> The task
Below are some entries. Transcribe the lines from the one holding "Vertical video of" to the one holding "The keeper's desk", inclusive, but not the pictures among them.

> Records shown
- - -
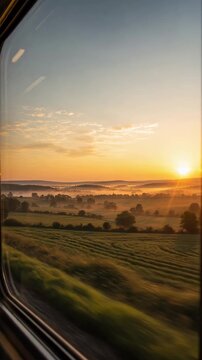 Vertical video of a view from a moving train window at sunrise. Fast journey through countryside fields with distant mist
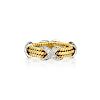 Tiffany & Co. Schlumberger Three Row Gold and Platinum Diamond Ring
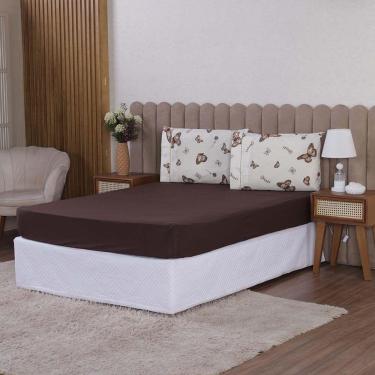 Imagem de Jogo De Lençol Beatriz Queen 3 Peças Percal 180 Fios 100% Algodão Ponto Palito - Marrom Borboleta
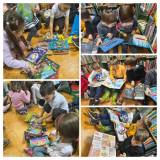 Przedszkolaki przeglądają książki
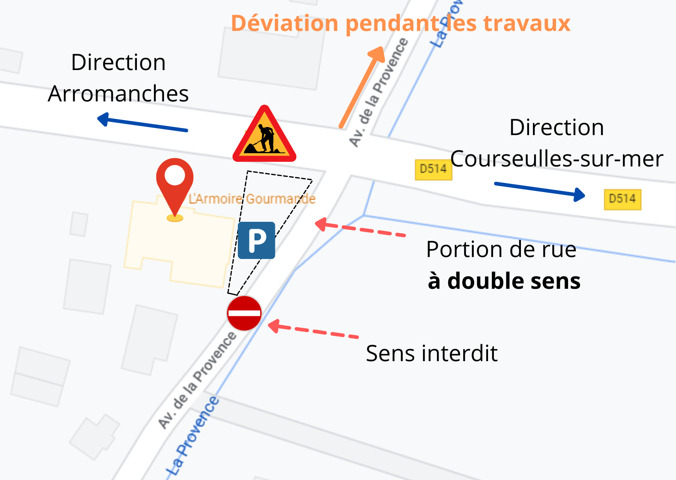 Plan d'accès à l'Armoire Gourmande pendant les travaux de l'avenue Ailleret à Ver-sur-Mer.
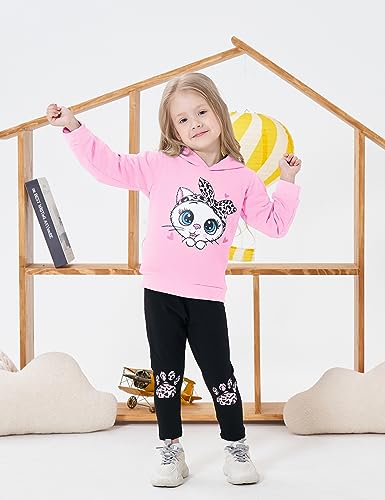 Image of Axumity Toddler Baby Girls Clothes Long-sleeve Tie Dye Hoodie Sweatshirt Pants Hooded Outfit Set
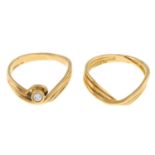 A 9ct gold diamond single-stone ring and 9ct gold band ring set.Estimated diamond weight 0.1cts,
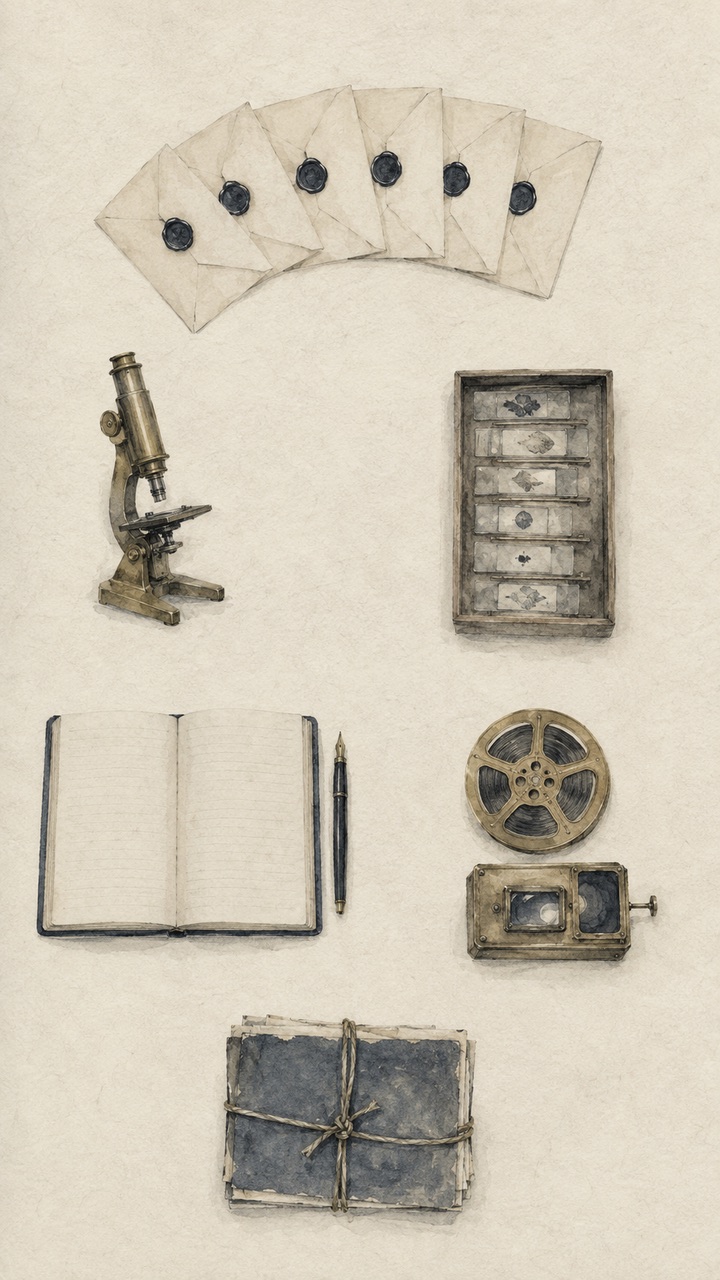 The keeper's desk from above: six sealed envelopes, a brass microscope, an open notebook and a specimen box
- - -
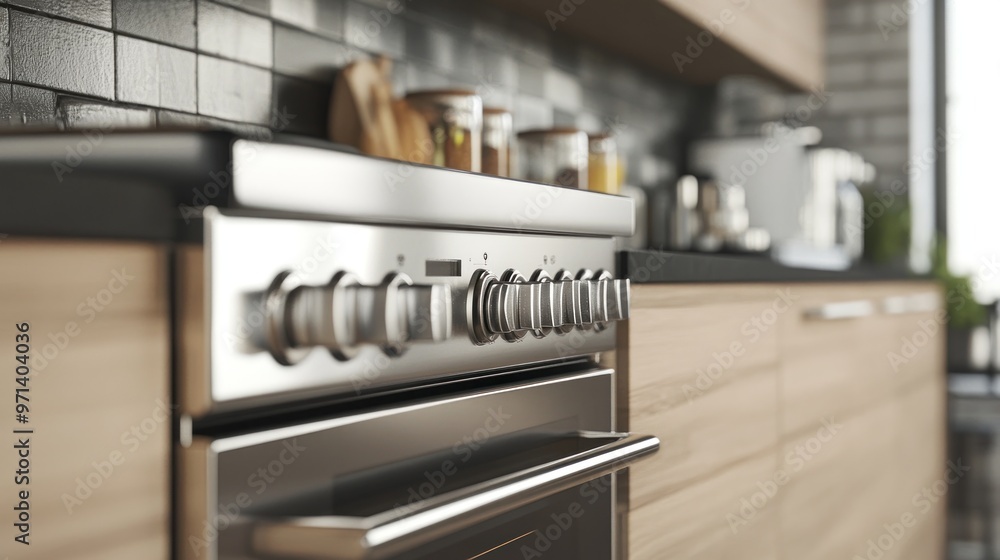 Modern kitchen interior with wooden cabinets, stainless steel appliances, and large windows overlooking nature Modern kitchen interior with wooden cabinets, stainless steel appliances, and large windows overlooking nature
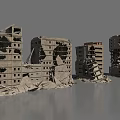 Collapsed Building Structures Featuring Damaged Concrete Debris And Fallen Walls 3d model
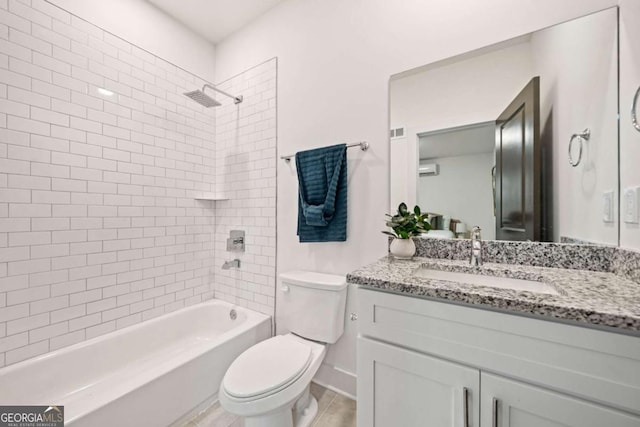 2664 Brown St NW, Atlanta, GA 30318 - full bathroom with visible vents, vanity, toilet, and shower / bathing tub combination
- - -
> Task answer
 Vertical video of a view from a moving train window at sunrise. Fast journey through countryside fields with distant mist
 Tiffany & Co. Schlumberger Three Row Gold and Platinum Diamond Ring
 Imagem de Jogo De Lençol Beatriz Queen 3 Peças Percal 180 Fios 100% Algodão Ponto Palito - Marrom Borboleta
 Przedszkolaki przeglądają książki
 Plan d'accès à l'Armoire Gourmande pendant les travaux de l'avenue Ailleret à Ver-sur-Mer.
 Image of Axumity Toddler Baby Girls Clothes Long-sleeve Tie Dye Hoodie Sweatshirt Pants Hooded Outfit Set
 A 9ct gold diamond single-stone ring and 9ct gold band ring set.Estimated diamond weight 0.1cts,
 The keeper's desk from above: six sealed envelopes, a brass microscope, an open notebook and a specimen box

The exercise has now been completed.